Он был рад, что переночует тут, а не у тетки Зины. Тетка Зина наверняка крикливая, с этим их пронзительным голосом и тоже с железными зубами. Он когда-то в детстве читал сказку про железного волка, там, кажется, все плохо кончилось. А еще у тетки Зины над промятой кроватью наверняка висит коврик с лебедями или оленями. И клопы.
— Тогда садитесь пить чай, — сказал Лебедев.
Он вдруг понял, что очень хочет есть, но здесь, наверное, все делалось по раз и навсегда заданному расписанию. Время обеда прошло, теперь время пить чай.
На веранде стоял старый кухонный столик, покрытый квадратным куском исцарапанной клеенки, на нем он увидел чашку с темным налетом внутри, почему-то пластиковую мыльницу с обмылком и раскрытую круглую жестяную коробку из-под конфет. В коробке вперемешку лежали пуговицы, катушки ниток и прочая мелочь для шитья. Тут же, на столике, стояла старая черно-белая “Спидола” с агрессивно выдвинутой антенной.
— Анна Васильевна пошла к Захарчукам, — продолжал Лебедев, возя рукой по столу, словно бы стряхивая крошки, — телевизор смотреть. У нас с ней расхождение во вкусах. Она смотрит “Спрут”, про комиссара Каттани. Это несерьезно. Ты садись, Инночка, попей тоже чаю. Я сейчас принесу.
Лебедев поднялся, трикотажные спортивные штаны висели пузырями у него на коленях.
Инна пошла помогать Лебедеву. Он присел на гнутый венский стул (вот у него ножка была перетянута проволокой) и потянул к себе одну газету; от нее еще чуть-чуть пахло типографской краской. Газета была местной, на первой полосе, под материалами Пленума ЦК КПСС, — подвал с заголовком “Параграф душит и смешит”, на второй — заметка “По родному краю с рюкзаком и компасом”, колонка “Окна ГОСТа”, еще что-то. Он вспомнил старую, еще школьную, забаву: воображаешь картинку с голыми, в постели, мужиком и бабой, а вместо подписи подставляешь газетный заголовок. Типа “Укрепляем партийные ряды”, или “15 месяцев ударного труда”, или “Как работать с резервом кадров”. Почему-то всегда получалось смешно. Теперь он даже не понимал — почему?
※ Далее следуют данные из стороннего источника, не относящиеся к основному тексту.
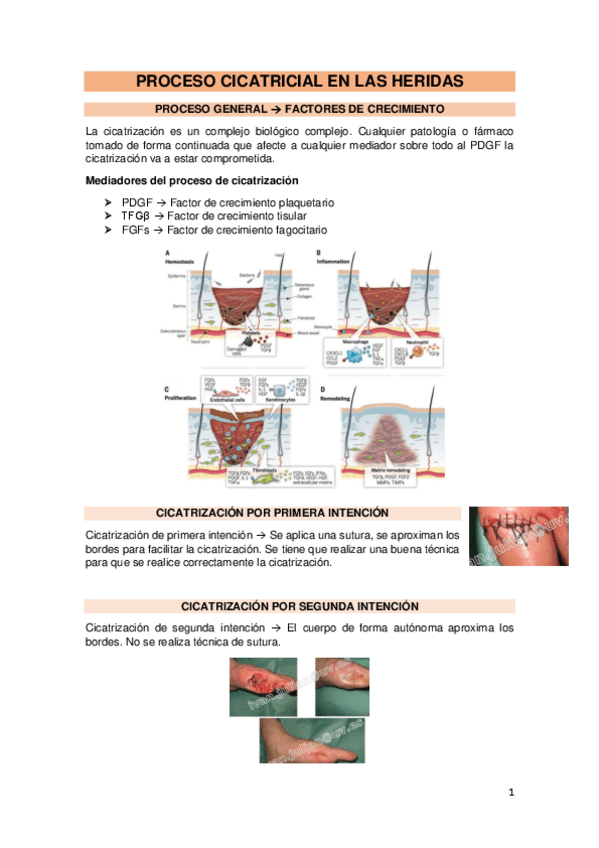 Miniatura del documento 12.-Cicatrizacion.pdf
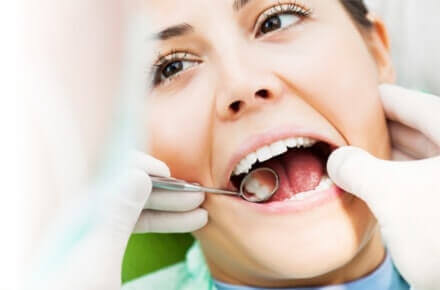 White Fillings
Инна вернулась с чашками и блюдцами, поставила их на клеенку, клеенка была в мелкую красно-коричневую клеточку, внутри каждого квадратика — цветочек. Он заметил, что чашек только две.
— А вы? — спросил он.
— Я к тетке, — сказала она. — А то обидится. Я пойду, Пал Палыч?
Я завтра забегу, ага? С утра?
— Иди, иди, деточка, — сказал Лебедев.
Инна приподняла чемодан, стоявший у крыльца, вопросительно посмотрела.
— Ах да!
Он взял рюкзак, достал из него пакет, протянул ей.
— Спасибо, — сказала она, пакет прятать в чемодан не стала, а раскрыла и стала в нем копаться. Достала коробку с вафельным тортом и протянула Лебедеву: — Это вам, Пал Палыч.
— А, — сказал Лебедев, — спасибо. Анна Васильевна обрадуется. Она их любит.
Коробку он, держа в обеих руках, понес на веранду, а Инна тем временем вновь взяла одновременно мешок и чемодан. Сумочка висела у нее на плече.
— До калитки проводите меня?
— Да. — Он вновь попытался забрать у нее чемодан, но она покачала головой: — Не надо. Просто проводите.
Он вновь пошел по дорожке меж мокрых листьев. Белое мохнатое насекомое, трепеща крыльями, зависло над бледным раструбом ночного цветка.
— Ему надо платить за ночлег? — спросил он вполголоса.
— Платить? — Она покачала головой. — Нет. Тетке Зине бы пришлось. А так — нет. Много свободного места. Ему скучно. Сын в Каменце.
— Где?
— В Каменце-Подольском. Тоже учителем. Только в техникуме. И внуки там. Выросли, не хотят сюда ехать, говорят, скучно здесь, ни дискотеки, ничего. А Пал Палыч тоскует.